# Pulled Pork?Riva's Rub



## localyahoo (May 28, 2009)

Here are some of my results from the holiday weekend BBQ.
Before:








After:









By far some of the best pulled pork I have ever tasted. Like I told Riva via PM, I was eating bark like a yooper buck in mid january. I know in a search on this site Riva mentions to wait till the temp was 205, but for me it was getting on the 11 th hour and the temp only made it to 185 in the very middle. So I took a gamble and wrapped it in foil and a towel and out it in a cooler for an hour and a half. It was so moist and done all the way through. I was very happy to see that it turned out great for my first time. Thank you Riva again for shortening the learning curve. FYI- I used a 10.5 lb bone in pork butt smoked with apple wood chips at 235-245 degrees for a 11 hrs and an hour and a half in the cooler. Hope this helps any other NB's out there.


----------



## Hunter333 (Jan 19, 2000)

Cooked/smoked a pork butt myself yesterday. According to the "Barbecue Bible" that I use, the aouthos claimed that 190 degrees was the key temp (nothing again Riva). I have found this temp to turn out very well. Yesterday, after smoking/cooking for10 hours, I needed to get ready for the first day of school..... Got the meat up to 185 and it turned out AMAZING!! I will have to start posting pics and smells of my cooking  Cant wait for my 20 minute lunch tomorrow!!


----------



## jakeo (Sep 14, 2004)

Im doing 3 butts tommorrow but last time I just bought the butts in the A.M. and injected with apple juice and let it go. This time I would like to try something different with 1 of the butts. What do you suggest that I use as a rub that I dont have to go out and buy?
I already did my shopping and am tired of Stupid people.
Thank you in advance.


----------



## localyahoo (May 28, 2009)

Riva's Pulled Pork


10 pound, bone in, pork, shoulder (Boston Butt) 
Shoulder Rub


1/4 cup brown sugar 
1/2 cup sugar 
1/2 cup paprika 
1/3 cup garlic salt 
1/3 cup salt 
1 tbsp chili powder 
1 tsp cayenne pepper 
1 tsp black pepper 
1 tsp oregano 
1 tsp cumin 
Shoulder Injection


3/4 cup apple, juice 
1/2 cup water 
1/2 cup sugar 
1/4 cup salt 
2 tbsp Worcestershire sauce 

Directions: 

Inject shoulder with injection solution (1/2 oz. per-pound).

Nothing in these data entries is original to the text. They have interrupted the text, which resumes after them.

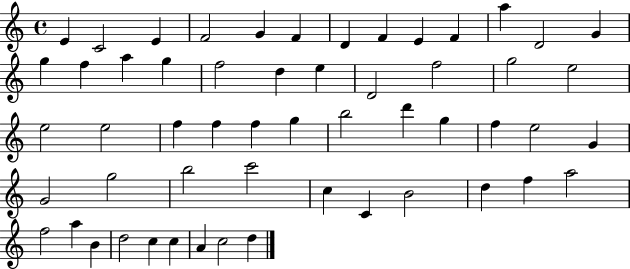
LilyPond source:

{
  \clef treble
  \time 4/4
  \defaultTimeSignature
  \key c \major
  e'4 c'2 e'4 | f'2 g'4 f'4 | d'4 f'4 e'4 f'4 | a''4 d'2 g'4 | \break g''4 f''4 a''4 g''4 | f''2 d''4 e''4 | d'2 f''2 | g''2 e''2 | \break e''2 e''2 | f''4 f''4 f''4 g''4 | b''2 d'''4 g''4 | f''4 e''2 g'4 | \break g'2 g''2 | b''2 c'''2 | c''4 c'4 b'2 | d''4 f''4 a''2 | \break f''2 a''4 b'4 | d''2 c''4 c''4 | a'4 c''2 d''4 | \bar "|."
}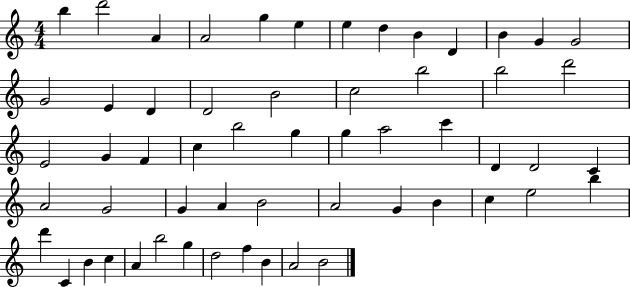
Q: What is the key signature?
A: C major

Paste exterior of shoulder with Country Crock margarine. Coat well with rub mixture. Gently pat shoulder so rub will adhere. Cook on pit or smoker for 1 hour per pound on 225 degrees. Do not take off until internal temp reaches 205F. 
Once at temp, remove and wrap in aluminum foil and then, wrap that in an old beach towel. Place in dry ice cooler for minimum of two hours. Remove and pull. Serve on Kaiser roll with sweet cole slaw and cherry BBQ sauce. 

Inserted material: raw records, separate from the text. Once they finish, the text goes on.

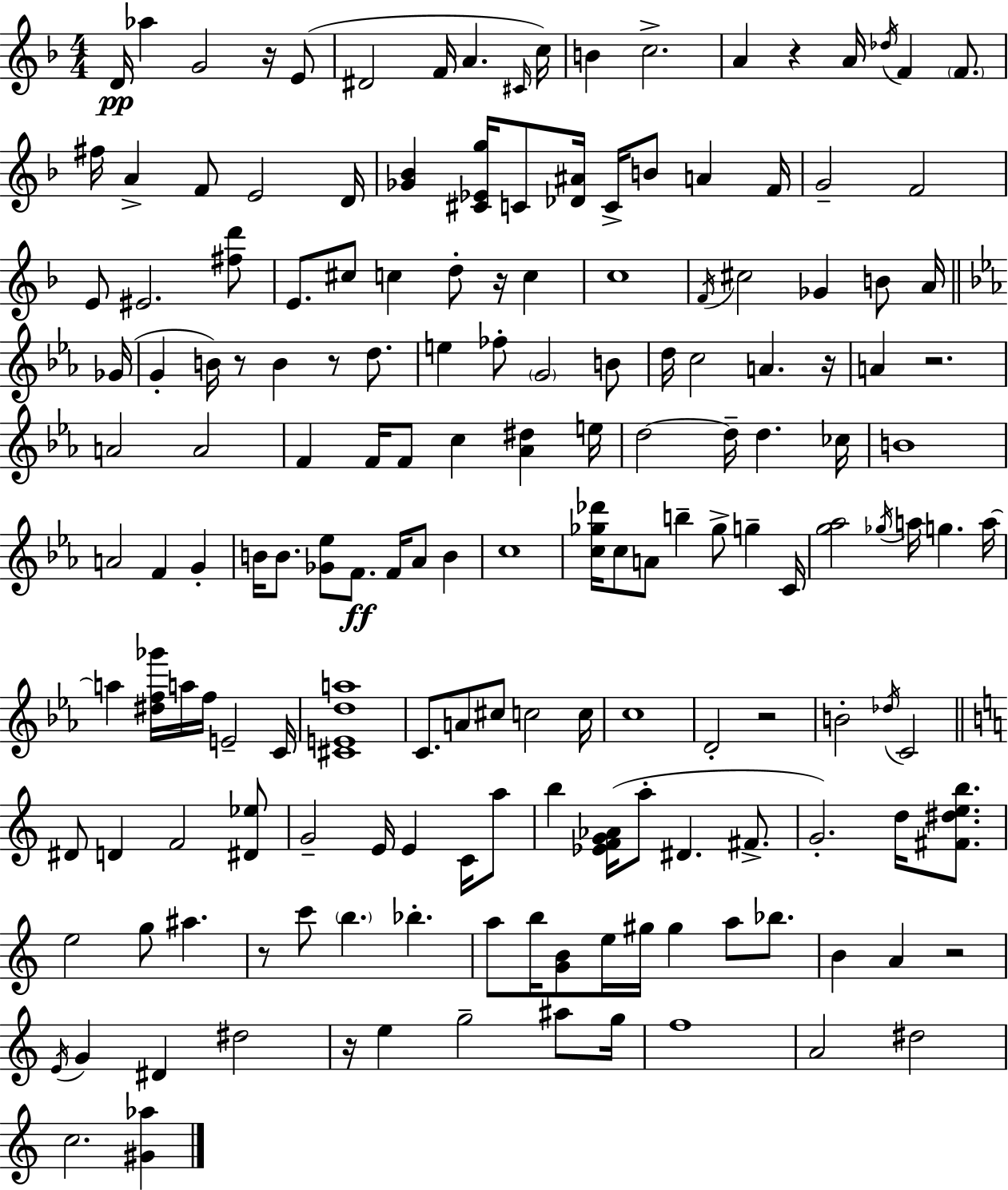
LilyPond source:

{
  \clef treble
  \numericTimeSignature
  \time 4/4
  \key f \major
  d'16\pp aes''4 g'2 r16 e'8( | dis'2 f'16 a'4. \grace { cis'16 }) | c''16 b'4 c''2.-> | a'4 r4 a'16 \acciaccatura { des''16 } f'4 \parenthesize f'8. | \break fis''16 a'4-> f'8 e'2 | d'16 <ges' bes'>4 <cis' ees' g''>16 c'8 <des' ais'>16 c'16-> b'8 a'4 | f'16 g'2-- f'2 | e'8 eis'2. | \break <fis'' d'''>8 e'8. cis''8 c''4 d''8-. r16 c''4 | c''1 | \acciaccatura { f'16 } cis''2 ges'4 b'8 | a'16 \bar "||" \break \key ees \major ges'16( g'4-. b'16) r8 b'4 r8 d''8. | e''4 fes''8-. \parenthesize g'2 b'8 | d''16 c''2 a'4. | r16 a'4 r2. | \break a'2 a'2 | f'4 f'16 f'8 c''4 <aes' dis''>4 | e''16 d''2~~ d''16-- d''4. | ces''16 b'1 | \break a'2 f'4 g'4-. | b'16 b'8. <ges' ees''>8 f'8.\ff f'16 aes'8 b'4 | c''1 | <c'' ges'' des'''>16 c''8 a'8 b''4-- ges''8-> g''4-- | \break c'16 <g'' aes''>2 \acciaccatura { ges''16 } a''16 g''4. | a''16~~ a''4 <dis'' f'' ges'''>16 a''16 f''16 e'2-- | c'16 <cis' e' d'' a''>1 | c'8. a'8 cis''8 c''2 | \break c''16 c''1 | d'2-. r2 | b'2-. \acciaccatura { des''16 } c'2 | \bar "||" \break \key c \major dis'8 d'4 f'2 <dis' ees''>8 | g'2-- e'16 e'4 c'16 a''8 | b''4 <ees' f' g' aes'>16( a''8-. dis'4. fis'8.-> | g'2.-.) d''16 <fis' dis'' e'' b''>8. | \break e''2 g''8 ais''4. | r8 c'''8 \parenthesize b''4. bes''4.-. | a''8 b''16 <g' b'>8 e''16 gis''16 gis''4 a''8 bes''8. | b'4 a'4 r2 | \break \acciaccatura { e'16 } g'4 dis'4 dis''2 | r16 e''4 g''2-- ais''8 | g''16 f''1 | a'2 dis''2 | \break c''2. <gis' aes''>4 | \bar "|."
}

I made my own modifications as far as the cooking times and temps, as you can see in my OP.


----------



## jakeo (Sep 14, 2004)

jakeo said:


> Im doing 3 butts tommorrow but last time I just bought the butts in the A.M. and injected with apple juice and let it go. This time I would like to try something different with 1 of the butts. What do you suggest that I use as a rub that I dont have to go out and buy?
> I already did my shopping and am tired of Stupid people.
> Thank you in advance.


UPDATE: DAY OF STUPID!!

First off, we are having siding put on our house and windows so my garage is a mess to say the least. I had the 3 butts (26#) ready to go so 7am Sunday I go to get the Brinkman but cant find the charcoal pan. I ended up borrowing neighbors and butts were going on at 8:15 after I put a gallon of apple juice in the liquid pan. I went in the house to get the butts, and one of my dogs(the Newfoundland) bumped the smoker and the one leg colapsed causing me to start over with bricks as the third leg. I started out with apple chips then wild cherry branches I personally cut a few years ago. Temps were showing IDEAL to HIGH so I was at ease. At 1PM I added more Kingsford...temps stayed IDEAL. 7PM I put thermometer in...120 degrees.GRRRR. Stirred coals and a few popped out and one disenigrated on the concrete and I took gloves off and tried to stand and put my left hand right on the coals.....burned palm very bad.
Treated I pray the correct way and at 10pm I pulled butts off(actually wife did) and put in my roaster with apple juice over night at 200 degrees. Woke at 6am Today to PERFECT butts falling apart. These were the best butts I've done.
I just mixed in Sweet Baby Rays and on warm in roaster.
My hand is one big blister on palm so I'm debating on a Dr's visit.
Thank God the meat turned out great!!:lol:
A new thermometer is on my list after I buy another Brinkman.
I wish I had the whole day on tape..LOL


----------